On Thursday, October 30, more than 300 people from academia and industry gathered in an auditorium to attend the Boltzgen Seminar, hosted by the Abdul Latif Jameel Clinic for Machine Learning in Health (MIT Jameel Clinic). The event was headlined by Hannes Stark, a PhD student at MIT and the first author of Boltzgen, who had announced Boltzgen just a few days earlier.
Building on Boltz-2, an open-source biomolecular structure prediction model that predicts protein binding affinity that made waves over the summer, BoltzGen (officially released on Sunday, October 26) is the first model of its kind to go a step further by generating novel protein binders that are ready to enter the drug discovery pipeline.
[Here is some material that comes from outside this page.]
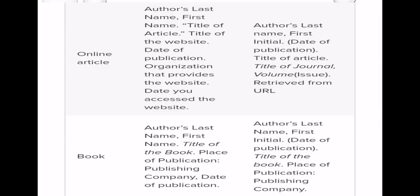For books, we also need to use citation. In MLA style, the format is: author's last name, first name, title of the book, place of publication, publishing company, date of publication. In APA style: author's last name, first initial, date of publication, title of the book, place of publication, publishing company.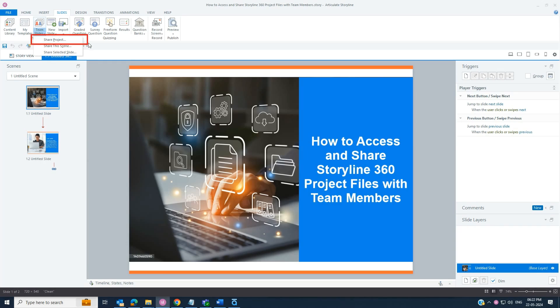Here you can choose to share the entire project, a specific scene, or selected slides.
Three key innovations make this possible: first, Boltzgen’s ability to integrate protein design and structure prediction, accomplishing a wide variety of tasks while maintaining state-of-the-art performance. Next, Boltzgen’s built-in constraints are designed with feedback from wetlab collaborators to ensure that the model produces functional proteins that do not violate the laws of physics or chemistry. Finally, a rigorous evaluation process tests the model on “inconvenient” disease targets, pushing the limits of Boltzmann’s binder generation capabilities.
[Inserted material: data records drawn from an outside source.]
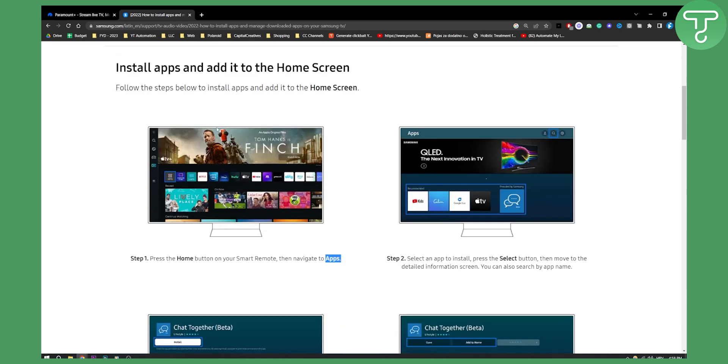Next up, go to your Samsung, press home button on your smart remote, navigate to the apps. From the apps, as you can see, you will have apps right here. Make sure to go here and search for the app. You will search for Paramount Plus app.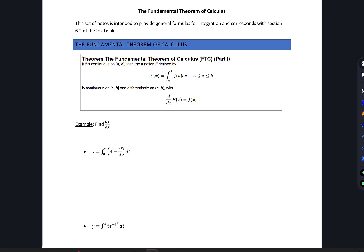In this set of notes, we're going to look at the Fundamental Theorem of Calculus. The fundamental theorem states: if f is continuous on the closed interval from a to b, then the function F defined by capital F of x equals the integral from a to x of f(u) du, where x lies between a and b, is continuous on [a, b] and differentiable on (a, b), with F prime of x equal to f of x.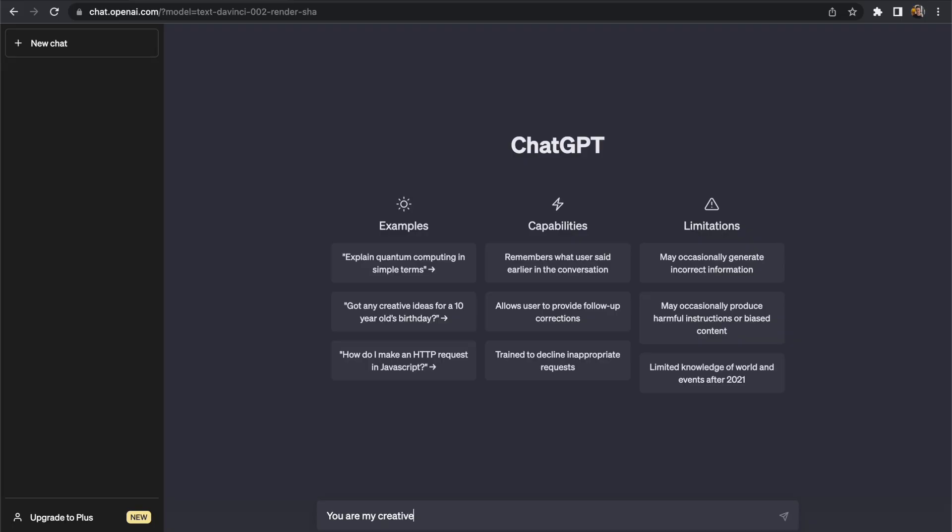In this video we're going to discuss how you can use ChatGPT to find unique domain names for your business ideas. So let's move over to ChatGPT now and I'm going to create a new chat and give it some basic instructions about what it is we are trying to achieve.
Most models used in industry or academia are capable of either structure prediction or protein design. Furthermore, they are limited to producing certain types of proteins that successfully bind to easy “targets”. Much like students answer a test question that resembles their homework, as long as the training data looks similar to the goal during binder design, the models often work. But existing methods are almost always evaluated on targets for which structures with binders already exist, and performance falters when used on more challenging targets.
“There are models that are trying to deal with binder design, but the problem is that these models are modality-specific,” explains Stark. “A general model does not only mean that we can address more tasks. Additionally, we get a better model for the individual task because the physics simulation is learned by example, and with a more general training scheme, we provide more such examples with generalized physics patterns.”
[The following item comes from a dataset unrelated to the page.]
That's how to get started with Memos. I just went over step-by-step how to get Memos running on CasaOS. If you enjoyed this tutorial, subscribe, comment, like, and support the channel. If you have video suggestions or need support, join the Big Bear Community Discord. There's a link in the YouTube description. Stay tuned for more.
Boltzgen researchers went out of their way to test Boltzgen on 26 targets, ranging from clinically relevant cases to cases explicitly chosen for their dissimilarity to the training data.
This extensive validation process, which took place in eight wetlabs across academia and industry, demonstrates the generality of the model and its potential for important drug development.
Parabilis Medicines, one of the industry partners testing BoltzGen in a wetlab setting, praised BoltzGen’s potential: “We think that adapting BoltzGen to our existing Helicon peptide computational platform capabilities promises to accelerate our progress in delivering transformative medicines against major human diseases.”
While the open-source releases of Boltz-1, Boltz-2, and now BoltzGen (which was previewed at the 7th Molecular Machine Learning Conference on October 22) bring new opportunities and transparency to drug development, they also indicate that the biotech and pharmaceutical industries may need to reevaluate their offerings.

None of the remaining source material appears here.